Bill Reid earned one of only 32 Victoria Crosses awarded for heroism in the air during World War II. The son of a blacksmith, Reid was born 21 December 1921 at Baillieston, Glasgow, Scotland. After completing his studies at the Coatbridge Secondary School, he briefly studied metallurgy before he joined the Royal Air Force. In the summer of 1941, he reported to the Initial Training Wing at Newquay, Cornwall, in the west of England. He was soon transferred to Moncton, New Brunswick, Canada, and then was on his way to No. 2 British Flying Training School in California. At Lancaster, in the high desert, Reid first flew the Stearman PT-13 Kaydet, then the Vultee BT-13 " Vibrator," and finally the North American AT-6 Texan. After 200 hours in the air, he received his wings and a commission on 18 June 1942 and then returned to England.
He trained further in the Airspeed Oxford and the Vickers-Armstrongs Wellington and then became an instructor pilot. Finally on 6 September 1943, Reid reported to his first operational unit, No. 61 Squadron at Syerston, Newark, England. He flew nine combat missions and then, on 3 November 1943, climbed aboard Avro Lancaster, LM 360, for his most famous flight. During a 600-bomber night raid against Düsseldorf in Germany's Ruhr industrial heartland, Luftwaffe fighters crippled Reid's Lancaster and wounded him in his head, hands, and shoulders. Wrapping his arms around the steering column, he continued on and dropped all bombs on target. In and out of consciousness, with two crewmen dead, he navigated by the Pole Star and fought to fly the Lancaster across the North Sea and back to England.
After five weeks recovering, Reid was posted to No. 617 Squadron at Woodhall Spa in January 1944. He flew his first combat mission with the famed "Dambusters" on 18 April 1944 against a rail marshalling yard near Paris. On D-Day, he dropped " window" anti-radar foil against German air defenses. Reid flew many missions using 12,000 or 14,000 pound "Tallboy" bombs against V-1 rocket installations and E-boat and U-boat pens. On a mission against a V-weapon storage dump on 31 July 1944, an errant bomb from another bomber struck Reid's Lancaster and severed its control cables. The aircraft entered a steep dive, pinned him to his seat, and then broke apart.

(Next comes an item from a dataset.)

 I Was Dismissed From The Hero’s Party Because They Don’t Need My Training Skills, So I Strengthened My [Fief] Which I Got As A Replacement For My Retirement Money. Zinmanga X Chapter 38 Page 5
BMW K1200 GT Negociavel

Reid was thrown clear and got a good parachute! Landing in German-held France, he was captured and made prisoner first at Stalag Luft III and later at Stalag Luft IV until May 1945. He left the Royal Air Force in early 1946 and entered college. In 1949 after graduation from West of Scotland Agricultural College, he began a career in agricultural management. He retired in 1988 and lives with his wife, Violet, in Scotland.

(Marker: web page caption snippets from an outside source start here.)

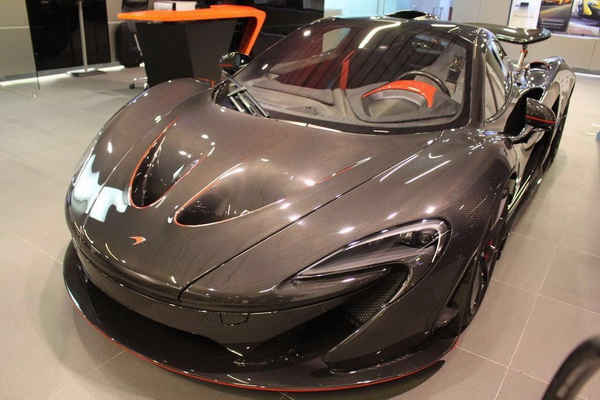 mclaren-p1-carbon-series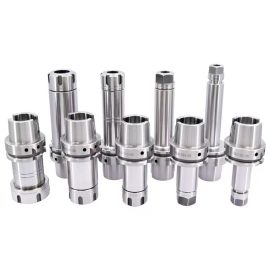 HSK ER Tool Holder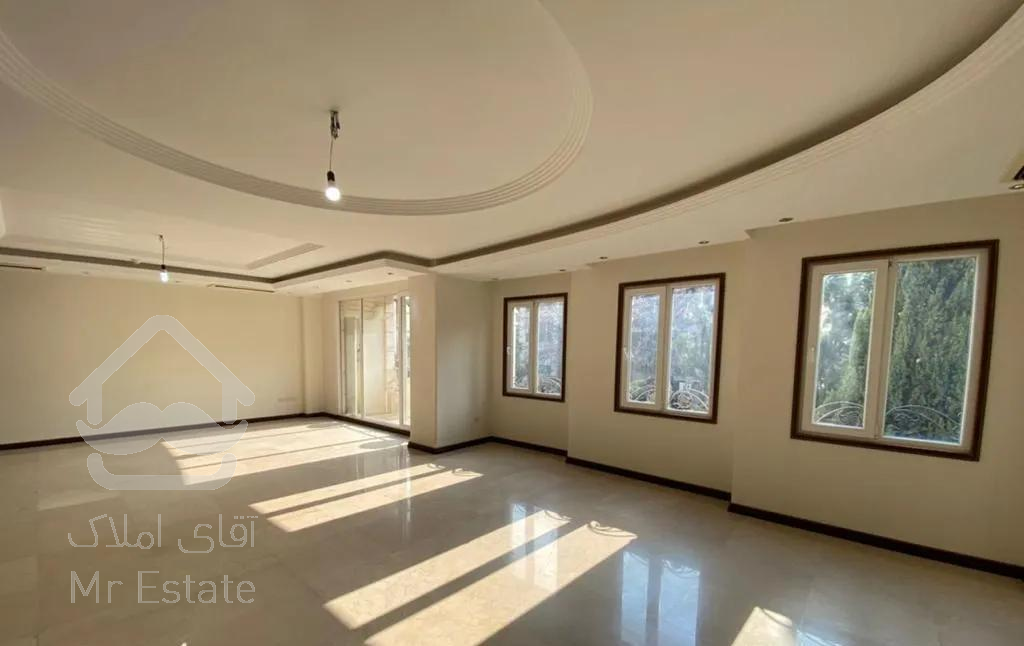 آپارتمان 222متری تک واحدی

During World War II, about 16,000 aircrew destined to fly in the Royal Air Force (RAF) and Royal Navy trained in the United States. There were four separate programs that often mixed cadets from the United Kingdom with those from the United States. In one program, six British Flying Training Schools (BFTS) were established in Florida, Texas, Oklahoma, Arizona, and California. Bill Reid trained at an airfield near Lancaster, California. He was one of 4,000 RAF pilots trained at a BFTS in a program known as an "All Through School."